Family and friends of Hannah Fizer, 25, are demanding answers from state officials after the convenience store worker was murdered by an as yet unidentified Pettis County deputy during a June 14 traffic stop in the city of Sedalia, Missouri. Sedalia, population 21,700, is located roughly 90 miles southeast of Kansas City.
Fizer, who was white, had been recently promoted to assistant manager and was on her way to work Saturday night at an Eagle Stop convenience store after spending the day with family and friends. She was pulled over by a Pettis County deputy at approximately 10 p.m. near West Broadway Boulevard and Winchester Drive.
According to the limited information provided in a press release by Patrol Sergeant Andy Bell of the Missouri State Highway Patrol, which has taken over the official investigation, the unidentified deputy initiated the traffic stop after Fizer was observed “speeding” as well as engaging in “careless and imprudent driving.”

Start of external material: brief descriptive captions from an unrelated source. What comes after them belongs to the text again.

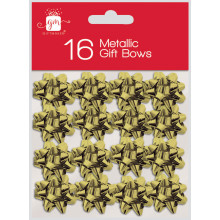 16 Mini Glitter Bows Gold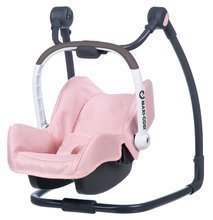 Kočíky pre bábiky sety - Set jedálenská stolička s autosedačkou a hojdačkou Powder Pink Maxi Cosi&Quinny Smoby a bábika Baby Nurse s vaničkou s postieľkou_0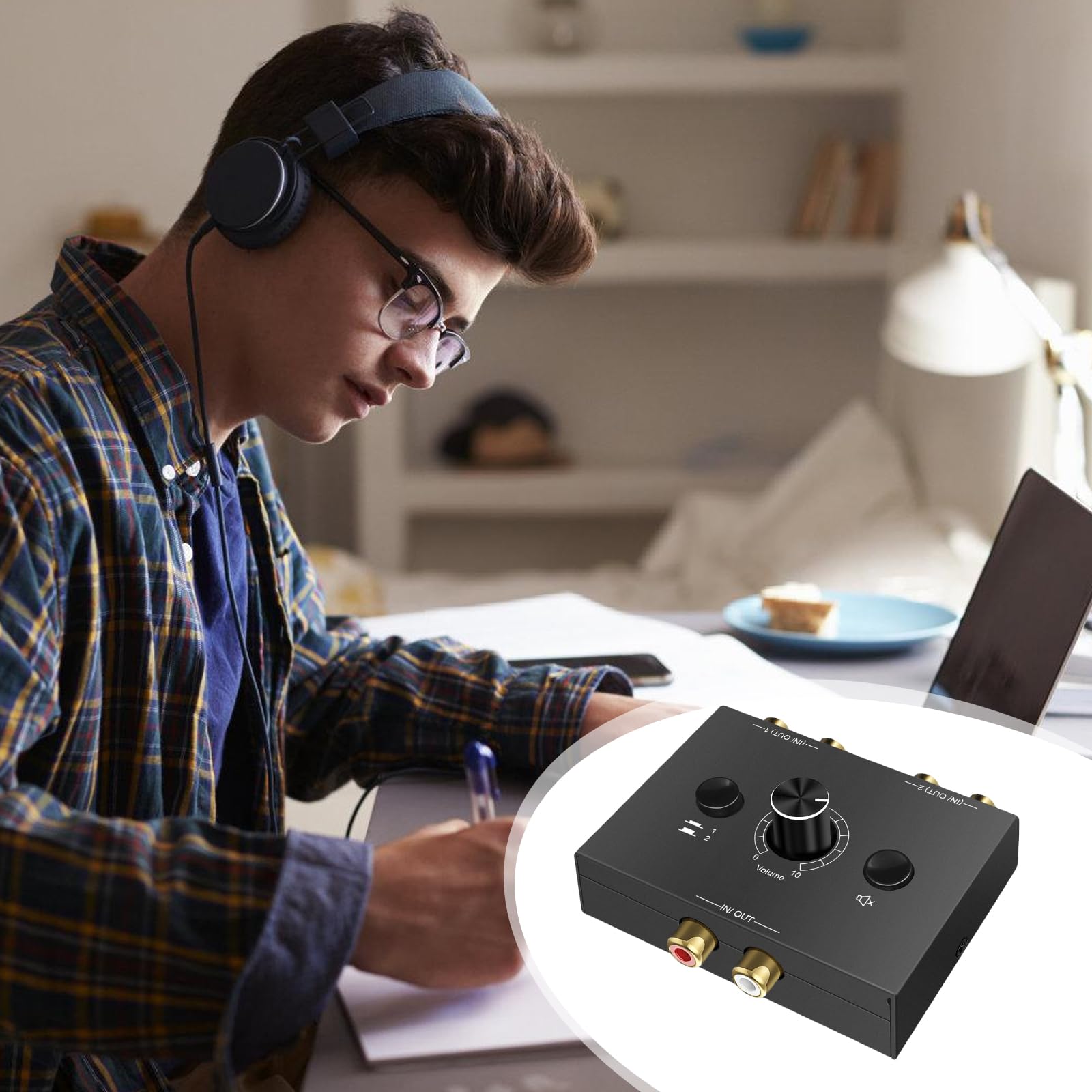 RCA Stereo Audio Switch 2(1)-IN-1(2)-OUT, R/L Regulacja Głośności, dwukierunkowy Aux Sound Selector Splitter Box do odtwarzacza CD, komputera, głośników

The seven-sentence press release then states that “the subject was non-compliant” and “allegedly threatened the deputy by stating she was armed and going to shoot him.” The very next sentence alleges that “The incident escalated quickly and the deputy discharged his weapon, striking the suspect.”
Fizer was pronounced dead by Pettis County Coroner Robert Smith shortly after he arrived at the scene of the crime Saturday evening. The deputy was not injured.
In an interview Sunday morning with the Sedalia Democrat Pettis County Sheriff Kevin Bond confirmed that there was no bodycam or dashcam footage of Fizer’s murder. Bond also could not confirm if any weapon was recovered in the vehicle or what the circumstances were that led to the “escalation.”
As part of the investigation police are combing the surrounding area for security camera footage and asking “anyone with information” to contact them. Why the killer cop did not have a body camera or a dashcam has not yet been volunteered by police spokespersons.
Notably the deputy who murdered Fizer has yet to be interviewed or publicly identified. According to investigators a warrant to search the young woman’s vehicle is “still pending.”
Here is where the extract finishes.